Fenton‐RAFT Polymerization: An “On‐Demand” Chain‐Growth Method

Fine control over the architecture and/or microstructure of synthetic polymers is fast becoming a reality owing to the development of efficient and versatile polymerization techniques and conjugation reactions. However, the transition of these syntheses to automated, programmable, and high‐throughput operating systems is a challenging step needed to translate the vast potential of precision polymers into machine‐programmable polymers for biological and functional applications. Chain‐growth polymerizations are particularly appealing for their ability to form structurally and chemically well‐defined macromolecules through living/controlled polymerization techniques. Even using the latest polymerization technologies, the macromolecular engineering of complex functional materials often requires multi‐step syntheses and purification of intermediates, and results in sub‐optimal yields. To develop a proof‐of‐concept of a framework polymerization technique that is readily amenable to automation requires several key characteristics. In this study, a new approach is described that is believed to meet these requirements, thus opening avenues toward automated polymer synthesis.
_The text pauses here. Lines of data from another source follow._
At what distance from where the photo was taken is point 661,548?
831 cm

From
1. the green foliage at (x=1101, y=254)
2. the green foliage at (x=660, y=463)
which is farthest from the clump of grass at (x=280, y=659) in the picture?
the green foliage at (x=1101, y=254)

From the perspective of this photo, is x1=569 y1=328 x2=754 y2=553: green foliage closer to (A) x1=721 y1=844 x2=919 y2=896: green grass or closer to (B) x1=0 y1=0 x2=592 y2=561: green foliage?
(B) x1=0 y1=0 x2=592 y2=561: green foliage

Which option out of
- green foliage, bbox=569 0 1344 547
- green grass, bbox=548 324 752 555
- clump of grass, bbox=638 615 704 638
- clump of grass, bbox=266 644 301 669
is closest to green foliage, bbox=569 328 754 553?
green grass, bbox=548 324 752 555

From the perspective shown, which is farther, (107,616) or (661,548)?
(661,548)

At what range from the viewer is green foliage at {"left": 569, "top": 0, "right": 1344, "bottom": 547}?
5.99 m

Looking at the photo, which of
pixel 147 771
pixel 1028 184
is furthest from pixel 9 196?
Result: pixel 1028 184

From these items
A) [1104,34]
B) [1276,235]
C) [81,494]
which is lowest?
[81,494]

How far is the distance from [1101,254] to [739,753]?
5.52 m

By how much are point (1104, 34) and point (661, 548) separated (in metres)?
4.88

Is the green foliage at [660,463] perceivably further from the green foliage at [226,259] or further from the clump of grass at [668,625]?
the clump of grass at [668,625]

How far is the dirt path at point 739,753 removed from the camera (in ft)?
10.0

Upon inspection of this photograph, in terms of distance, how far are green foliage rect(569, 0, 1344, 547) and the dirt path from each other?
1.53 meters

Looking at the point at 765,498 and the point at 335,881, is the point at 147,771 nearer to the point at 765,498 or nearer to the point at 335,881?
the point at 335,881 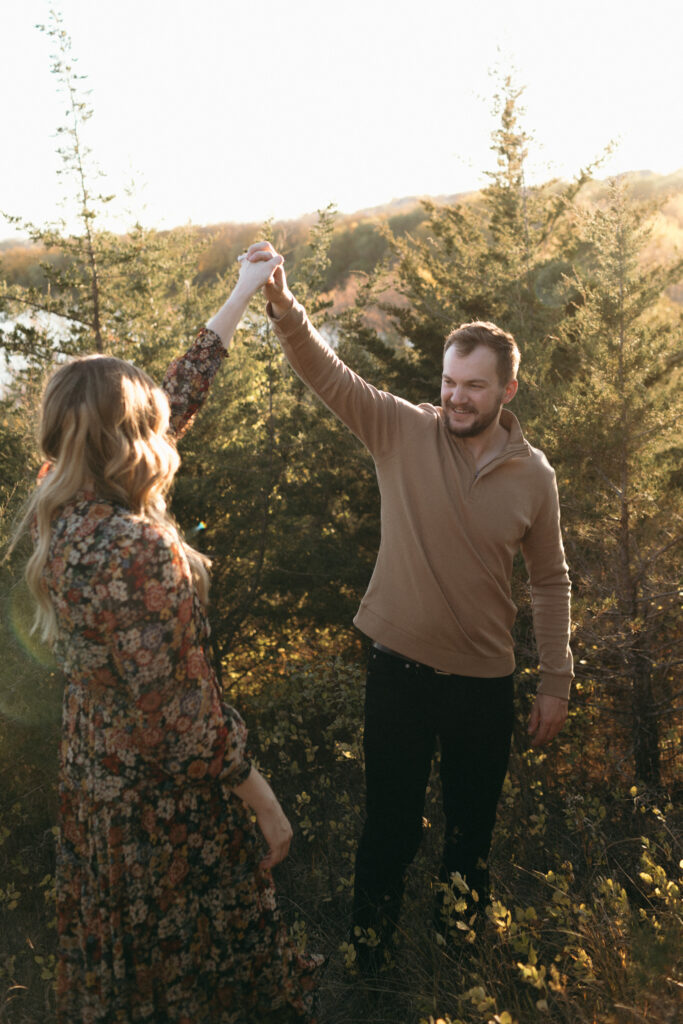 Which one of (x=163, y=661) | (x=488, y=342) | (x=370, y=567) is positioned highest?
(x=488, y=342)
Polymers on demand: A facile technique for the synthesis of controlled polymers is realized by using the Fenton reaction. The ability to degas the reaction mixture by using the same catalyst system and then grow the polymer chain through sequential H2O2 addition is highly promising for the development of an automated/programmable polymerization system utilizing sequenced reagent injection. The benign reaction conditions (room temperature, aqueous solvent) are non‐demanding, and the system is demonstrated to be compatible with a range of functional monomers.